Uzun zamandan sonra ilk kez bloğumu açtım. Inanır mısınız şifremi unutmuşum... şu aralar unuttuğum bir şeyler oluyor. Doğru. Aklımızı kurcalayacak bambaşka konular ve sıkıntılar bulabiliyoruz kendimize. Doğrusu şu ki kendimden ne zaman uzaklaştığımı bulmaya çalıştığım bir dönemdeyim. Hangi ara çok sevdiğim şeyleri yapmak istemez oldum ? Nasıl bu kadar izole bir hayat yaşar oldum ? Günseli " yaştandır o yaştandır..." diyordur şimdi. 2018'in de defterini dürdük . Sıra geldi 2019'a... hayatlarımızda değişmeler oldu. Yeni kararlar aldık. Uyguladık. Veya uygulayamadık. Defterlere yazdığımız aylık, yıllık programlar tuttu mu bakayım?

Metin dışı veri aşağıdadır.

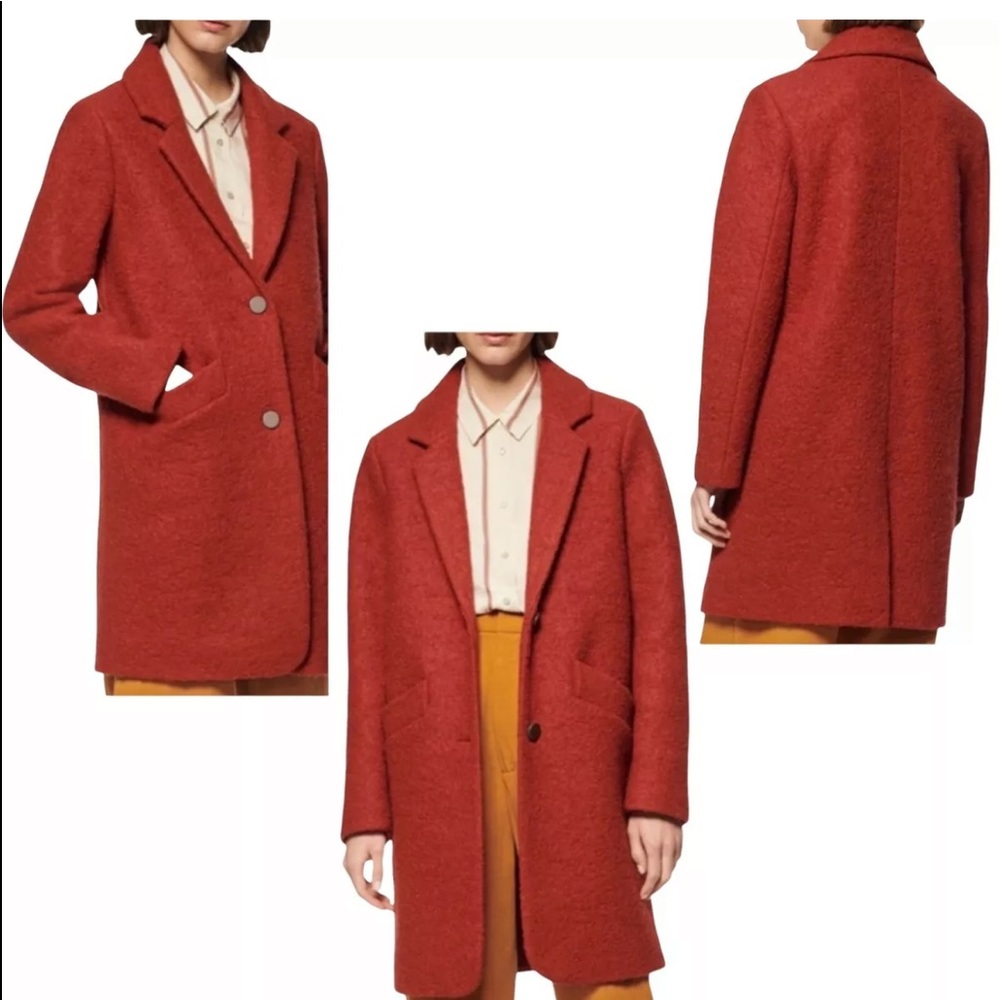 Marc New York Paige Bouclé Coat Women's US 12 Brick Knee Length Relaxed Fit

Bu sene ben yine yurt dışına çıkamadım malum dolar - euro zorladı baya. Türkiye içi bir iki tatil yapma fırsatı buldum . Genelde uzun tatillerin hepsinde çalıştım diyebilirim. Çünkü isimde bir iki değişikliğe giriştim ve ek bir iş daha yapmaya başladım. Yarım gün çalışma erken uyanmamı , erken uyanmam daha dinç olmamı sağladı. Akşam yürüyüşlerini bir rutine bağlamakta bu sene yaptığım güzel şeylerden biriydi. Parasız , çantasız hicbir şey olmadan radyasyon yayılımı azaltılmış bir - iki saat geçirmek gerçekten muhteşem oluyor. Bu sene daha fazla yabancı dizi takip ettim Netflix sağolsun. Hayatımda televizyonda olmadığı için, bana ayrılan saatlerin bir kısmını bu tip dizileri takip etmekte harcadım. Geçen seneye nazaran bu sene daha çok puzzle yaptım 1000 parçalı 6. Puzzle üzerinde çalışıyorum. Son aldığım Alaçatı'nın güzel sokaklarindan bir görüntü :) spotify'da ortalama 7000 farklı şarki dinlemişim. 2018 karma listemi şuanda zevkle dinliyorum. Farklı türlerde şarkılar mevcut. Bu sene son donem dinlenne zamanlarimda Olafur Arnalds dinliyorum. Baya sevdim. Son okuduğum kitap Aret Vartanyan'ın " Eski Sevgililer Oteli" olacakmış gibi duruyor ki yeni yıla 2 gün kala yazıyı yazdığımı düşünürsek değişebilir.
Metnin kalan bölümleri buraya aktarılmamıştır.